Cette baisse du temps de jeu effectif s’explique par la volonté des joueurs d’allonger les temps de récupération afin d’être capables d’endurer les périodes de demandes élevées à haute intensité. Elle permet aussi de rétablir la structure tactique de l’équipe.

Évolution des demandes physiques

.            Les demandes physiques sont modelées par les demandes techniques et tactiques du jeu. L’apparition d’actions plus rapides et de temps de récupération plus long au cours d’un match s’est accompagnée d’un changement de comportement, comme le révèle l’analyse des déplacements des joueurs.

Entre les saisons 2006-2007 et 2012-2013 en Premier League (le championnat anglais), les distances parcourues à haute intensité, le nombre d’actions réalisées à haute intensité et la distance parcourue en sprint ont augmenté respectivement de 29 %, 49 % et 8 %. Dans le même temps, la distance totale parcourue n’a subi qu’une augmentation triviale de 2 %.

Cette observation se confirme encore aujourd’hui en Espagne : une étude récente menée entre les saisons 2012-2013 et 2018-2019 a révélé une légère baisse de la distance totale parcourue, pour une augmentation du nombre d’efforts à haute intensité (comprise entre 9 % et 15 % selon les postes). Il a d’ailleurs été récemment montré que les performances physiques en match étaient corrélées au succès de l’équipe.

En prenant en compte le taux d’augmentation annuel sur ces 20 dernières années, il est prédit que cette évolution se poursuivra au minimum jusqu’en 2030.

Dans ce contexte, les équipes devront appliquer de plus en plus de pression pour gagner leurs matchs, ce qui se traduira par une augmentation des séquences de pressing haut, ainsi qu’une augmentation des contre-attaques et des sprints. Les postes les moins sollicités physiquement à l’heure actuelle (défenseurs centraux et gardiens de but) se verront contraints de contribuer davantage aux phases d’attaque. Ces évolutions pourraient se traduire par une augmentation des risques de blessure et de fatigue mentale chez les joueurs professionnels.
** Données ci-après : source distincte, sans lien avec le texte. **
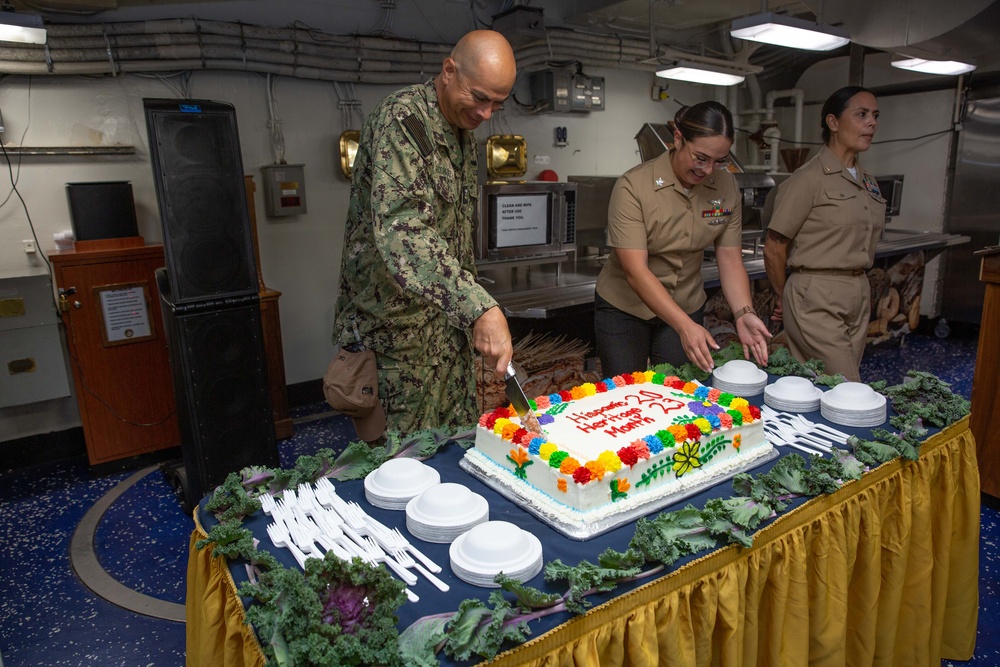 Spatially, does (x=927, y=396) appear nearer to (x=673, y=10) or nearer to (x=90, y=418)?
(x=90, y=418)

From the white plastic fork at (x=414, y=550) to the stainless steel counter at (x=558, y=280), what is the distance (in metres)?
2.12

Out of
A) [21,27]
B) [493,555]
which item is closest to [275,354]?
[21,27]

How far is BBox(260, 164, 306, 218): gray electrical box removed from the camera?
161 inches

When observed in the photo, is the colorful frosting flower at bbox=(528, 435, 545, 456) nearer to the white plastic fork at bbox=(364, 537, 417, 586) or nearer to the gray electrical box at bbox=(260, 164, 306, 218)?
the white plastic fork at bbox=(364, 537, 417, 586)

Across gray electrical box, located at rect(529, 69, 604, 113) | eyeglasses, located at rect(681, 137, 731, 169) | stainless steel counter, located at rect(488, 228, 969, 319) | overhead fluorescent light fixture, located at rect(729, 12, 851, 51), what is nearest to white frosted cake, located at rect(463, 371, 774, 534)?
eyeglasses, located at rect(681, 137, 731, 169)

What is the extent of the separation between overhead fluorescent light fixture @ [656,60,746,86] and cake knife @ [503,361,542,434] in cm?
346

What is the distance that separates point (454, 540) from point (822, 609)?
949 millimetres

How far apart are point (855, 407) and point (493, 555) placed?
1266mm

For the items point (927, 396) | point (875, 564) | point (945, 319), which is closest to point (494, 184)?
point (927, 396)

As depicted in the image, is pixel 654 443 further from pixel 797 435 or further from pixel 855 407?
pixel 855 407

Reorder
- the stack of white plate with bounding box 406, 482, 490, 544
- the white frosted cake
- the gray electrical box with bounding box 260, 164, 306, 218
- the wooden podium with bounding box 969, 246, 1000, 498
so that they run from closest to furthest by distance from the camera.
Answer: the stack of white plate with bounding box 406, 482, 490, 544 < the white frosted cake < the wooden podium with bounding box 969, 246, 1000, 498 < the gray electrical box with bounding box 260, 164, 306, 218

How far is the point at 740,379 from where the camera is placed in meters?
2.21

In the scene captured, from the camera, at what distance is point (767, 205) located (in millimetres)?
4363

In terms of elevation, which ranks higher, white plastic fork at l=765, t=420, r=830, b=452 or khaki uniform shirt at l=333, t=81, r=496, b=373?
khaki uniform shirt at l=333, t=81, r=496, b=373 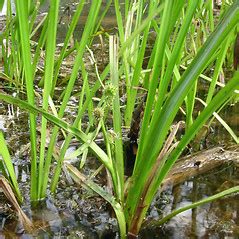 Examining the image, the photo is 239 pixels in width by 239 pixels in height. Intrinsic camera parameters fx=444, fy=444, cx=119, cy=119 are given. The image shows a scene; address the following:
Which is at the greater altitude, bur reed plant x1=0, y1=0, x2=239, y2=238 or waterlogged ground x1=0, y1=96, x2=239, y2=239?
bur reed plant x1=0, y1=0, x2=239, y2=238

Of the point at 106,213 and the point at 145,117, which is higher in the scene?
the point at 145,117

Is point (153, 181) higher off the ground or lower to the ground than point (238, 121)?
higher

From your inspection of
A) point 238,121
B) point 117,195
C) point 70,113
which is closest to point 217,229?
point 117,195

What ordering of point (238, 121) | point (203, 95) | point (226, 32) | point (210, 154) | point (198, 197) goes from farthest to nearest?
1. point (203, 95)
2. point (238, 121)
3. point (210, 154)
4. point (198, 197)
5. point (226, 32)

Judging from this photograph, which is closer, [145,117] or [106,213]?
[145,117]

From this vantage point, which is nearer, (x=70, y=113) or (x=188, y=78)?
(x=188, y=78)

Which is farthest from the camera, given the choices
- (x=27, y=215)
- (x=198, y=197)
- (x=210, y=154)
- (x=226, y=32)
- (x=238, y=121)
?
(x=238, y=121)

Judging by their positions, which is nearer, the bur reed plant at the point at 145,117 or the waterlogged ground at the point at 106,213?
the bur reed plant at the point at 145,117

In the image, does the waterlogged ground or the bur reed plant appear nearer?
the bur reed plant

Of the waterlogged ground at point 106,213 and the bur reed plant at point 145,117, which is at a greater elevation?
the bur reed plant at point 145,117

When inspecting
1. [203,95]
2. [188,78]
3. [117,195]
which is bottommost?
[203,95]

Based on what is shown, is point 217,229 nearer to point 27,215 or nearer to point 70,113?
point 27,215
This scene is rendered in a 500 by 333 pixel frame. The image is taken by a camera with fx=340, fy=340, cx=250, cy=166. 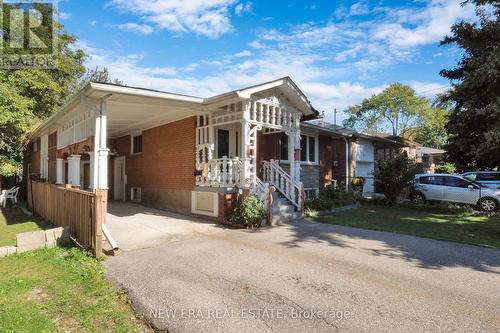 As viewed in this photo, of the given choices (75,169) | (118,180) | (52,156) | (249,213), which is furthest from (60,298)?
(118,180)

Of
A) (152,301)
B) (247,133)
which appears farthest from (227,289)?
(247,133)

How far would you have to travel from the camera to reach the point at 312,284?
532cm

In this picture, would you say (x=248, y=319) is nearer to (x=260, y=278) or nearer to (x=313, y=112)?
(x=260, y=278)

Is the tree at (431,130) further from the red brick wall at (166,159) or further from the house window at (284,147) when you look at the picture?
the red brick wall at (166,159)

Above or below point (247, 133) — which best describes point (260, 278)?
below

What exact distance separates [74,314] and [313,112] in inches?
404

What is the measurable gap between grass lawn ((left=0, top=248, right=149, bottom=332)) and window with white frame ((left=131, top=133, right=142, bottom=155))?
9.19 meters

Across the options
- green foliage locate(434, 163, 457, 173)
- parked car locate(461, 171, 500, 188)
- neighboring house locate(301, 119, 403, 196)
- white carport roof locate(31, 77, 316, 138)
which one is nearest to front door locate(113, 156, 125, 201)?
white carport roof locate(31, 77, 316, 138)

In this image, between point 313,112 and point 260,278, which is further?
point 313,112

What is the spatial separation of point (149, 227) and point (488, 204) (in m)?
14.1

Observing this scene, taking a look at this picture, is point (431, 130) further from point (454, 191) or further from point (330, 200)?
point (330, 200)

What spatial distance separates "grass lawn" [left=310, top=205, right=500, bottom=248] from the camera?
29.1 ft

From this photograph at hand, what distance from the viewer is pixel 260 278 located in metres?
5.62

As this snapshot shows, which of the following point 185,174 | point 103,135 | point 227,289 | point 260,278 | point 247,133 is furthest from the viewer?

Des joueurs qui ont peu changé physiquement

.            Bien que l’évolution des demandes techniques et tactiques ait modelé les exigences physiques, il semblerait que cela n’ait pas eu d’impact majeur sur les caractéristiques anthropométriques des joueurs de football professionnels.

Les études ayant recensé ces valeurs lors de la Copa America en 1995, en Ligue 1 en 2010, et en Europe de l’Est en 2022 révèlent que le poids des joueurs semble avoir peu varié (76,4 kg en 1995 contre 77,7kg en 2010, soit 1,7 % de différence). Il en va de même pour le pourcentage de masse adipeuse (10,4 % en 2010 ; 11,4 % en 2022).

Tout comme les caractéristiques anthropométriques, les qualités cardiovasculaires des joueurs ont également peu évolué par rapport aux décennies précédentes.

Pas d’augmentation significative des qualités cardiovasculaires

.            Les qualités cardiovasculaires sont mesurées à l’aide de la VO2 max, représentant la capacité d’un individu à capter de l’oxygène, à le transporter et à l’utiliser au niveau musculaire. Il a été suggéré qu’un seuil minimal de VO₂ max était requis pour pratiquer le football au plus haut niveau, sans pour autant que ce soit une qualité prioritaire pour la performance.

L’évaluation de la puissance maximale aérobie chez des footballeurs professionnels norvégiens entre 1989 et 2012 a permis de montrer qu’en relation avec la masse des athlètes, la VO₂ max n’avait pas évolué. Plus récemment, des résultats issus de deuxième division grecque et de première division croate ont rapporté une VO2 max moyenne réduite en comparaison du seuil minimal suggéré pour atteindre le plus haut niveau.

Ces résultats, provenant de compétitions ne faisant pas partie du top 5 européen, confirment que la VO2 max permet de discriminer le niveau de pratique jusqu’à un certain point. Toutefois, le football moderne ne nécessite pas d’augmentation significative des qualités cardiovasculaires en comparaison des décennies précédentes. Par ailleurs, des travaux récents suggèrent que le VO₂ max n’est que peu prédictif des distances parcourues à différentes intensités lors d’un match.

Si les caractéristiques anthropométriques et les qualités cardiovasculaires des joueurs n’ont que peu évolué durant les dernières décennies, il n’en va pas de même, en revanche, de leurs capacités neuromusculaires.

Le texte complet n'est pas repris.